Umfangreiche Nachermittlungen erforderlich - Prozess beginnt später erneut
„Das sind Tauben für Wettrennen“, erklärte der Angeklagte, der sie zu Hause auch im Freien gehalten haben soll. Die Anklagevertreterin fragte ihn, ob er die Tiere „für einen Marathon“ einsetzen wolle, weil sie ja nicht mehr fliegen könnten. Eine Antwort gab es nicht. Auch Näheres zu den „Wettrennen“ und zur sonstigen Haltung wurden im Prozess nicht erörtert. Zeugen waren nicht geladen. Der Angeklagte betonte nur, dass er 5000 Euro für Medikamente für die Tauben ausgegeben habe.

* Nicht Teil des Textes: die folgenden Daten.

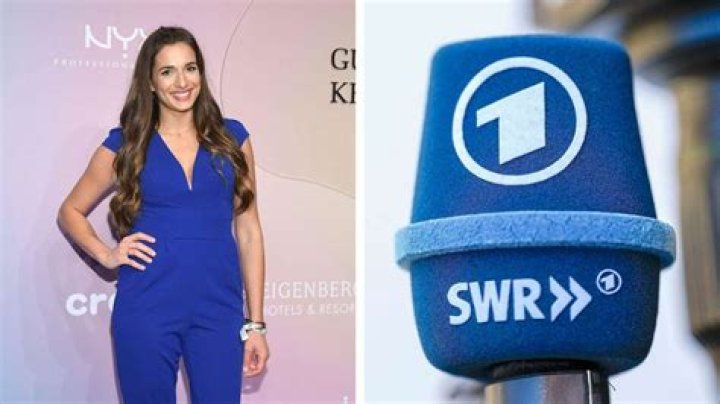 Sally Welt - Bio, Age, Wiki, Facts and Family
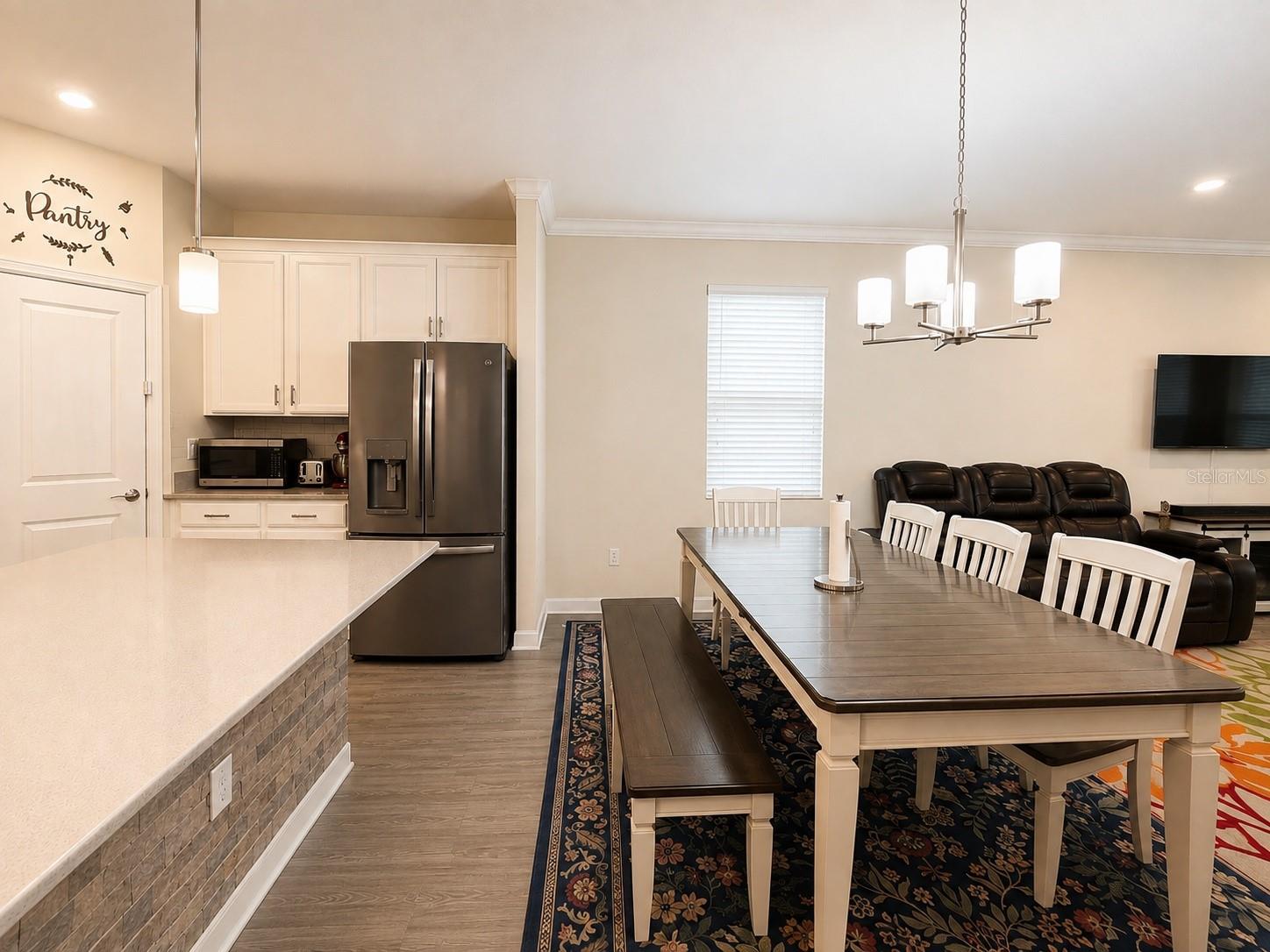 10253 LOVE STORY ST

Die Richterin schien geneigt, das Verfahren ohne Verurteilung einzustellen, wenn der Angeklagte bereit wäre, dauerhaft auf die 13 Tauben zu verzichten. Diese Prozesslösung machte die Anklagevertreterin aber nicht mit. Und so sind jetzt umfangreiche Nachermittlungen der Staatsanwaltschaft erforderlich. „Das wird dauern“, so die Richterin. Wohl erst in einigen Monaten wird der Prozess erneut beginnen.